The prover supports a large number of pre-programmed literal selection
strategies.
Clause selection heuristics can be constructed on the fly by combining various
parameterized primitive evaluation functions, or can be selected from a set
of predefined heuristics.
Clause evaluation heuristics are based on symbol-counting, but also take other
clause properties into account.
In particular, the search can prefer clauses from the set of support, or
containing many symbols also present in the goal.
Supported term orderings are several parameterized instances of
Knuth-Bendix-Ordering (KBO) and Lexicographic Path Ordering (LPO).
For CASC-J9, E implements a strategy-scheduling automatic mode.
The total CPU time available is broken into several (unequal) time slices.
For each time slice, the problem is classified into one of several classes,
based on a number of simple features (number of clauses, maximal symbol arity,
presence of equality, presence of non-unit and non-Horn clauses,...).
For each class, a schedule of strategies is greedily constructed from
experimental data as follows:
The first strategy assigned to a schedule is the the one that solves
the most problems from this class in the first time slice.
Each subsequent strategy is selected based on the number of solutions on
problems not already solved by a preceding strategy.

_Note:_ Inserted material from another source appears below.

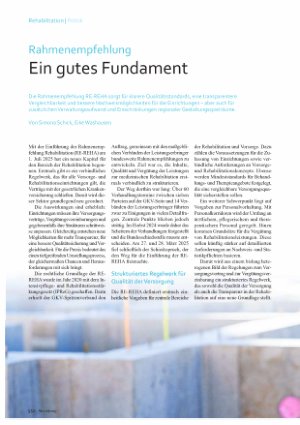Vorschauseite 1: Rahmenempfehlung Ein gutes Fundament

About 220 different strategies have been evaluated on all untyped
first-order problems from TPTP 6.4.0.
About 90 of these strategies are used in the automatic mode, and about 210
are used in at least one schedule.
Implementation
E is build around perfectly shared terms, i.e. each distinct term is
only represented once in a term bank.
The whole set of terms thus consists of a number of interconnected directed
acyclic graphs.
Term memory is managed by a simple mark-and-sweep garbage collector.
Unconditional (forward) rewriting using unit clauses is implemented
using perfect discrimination trees with size and age constraints.

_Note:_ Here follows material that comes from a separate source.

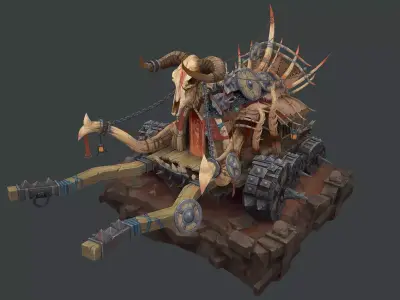 Next generation tank Low-poly 3D model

Whenever a possible simplification is detected, it is added as a
rewrite link in the term bank.
As a result, not only terms, but also rewrite steps are shared.
Subsumption and contextual literal cutting (also known as subsumption
resolution) is supported using feature vector indexing
[Sch13].
Superposition and backward rewriting use fingerprint indexing
[Sch12],
a new technique combining ideas from feature vector indexing and path indexing.
Finally, LPO and KBO are implemented using the elegant and efficient algorithms
developed by Bernd Löchner in
[Loe06,Loe06].
The prover and additional information are available at
http://www.eprover.org
Expected Competition Performance
E 2.2pre has only minor changes compared to last years pre-releases.
The major change is the integration of PicoSAT, however, very few PicoSAT
strategies have been evaluated.
As a result, we expect performance to be similar to last years, with maybe
most improvements in the EPR division.
The system is expected to perform well in most proof classes, but will at
best complement top systems in the disproof classes.
Geo-III 2018C
Hans de Nivelle
Nazarbayev University, Kazakhstan
Architecture
Geo III is a theorem prover for Partial Classical Logic
[deN11],
based on reduction to Kleene Logic
[deN17].
Currently, only Chapters 4 and 5 are implemented.
Since Kleene logic generalizes 2-valued logic, Geo III can take part in CASC.
Apart from being 3-valued, the main differences with earlier
versions of Geo are the following:
- The Geo family of provers uses exhaustive backtracking, in combination
with learning after failure.
Earlier versions (before 2016) learned only conflict formulas.
Geo III learns disjunctions of arbitrary width.
Experiments show that this often results in shorter proofs.
- If Geo will be ever embedded in proof assistants, these assistants
will require proofs.
In order to be able to provide these at the required level of detail,
Geo III contains a hierarchy of proof rules that is independent of the
rest of the system, and that can be modified independently.
- In order to be more flexible in the main algorithm, recursive
backtracking has been replaced by use of a stack.
By using a stack, it has become possible to implement non-chronological
backtracking, remove unused assumptions, or to rearrange the order of
assumptions.
Also, restarts are easier to implement with a stack.
- Matching a geometric formula into a candidate model is a critical
operation in Geo.
Compared to previous versions, the matching algorithm has been improved
theoretically, reimplemented, and is no longer a bottle neck.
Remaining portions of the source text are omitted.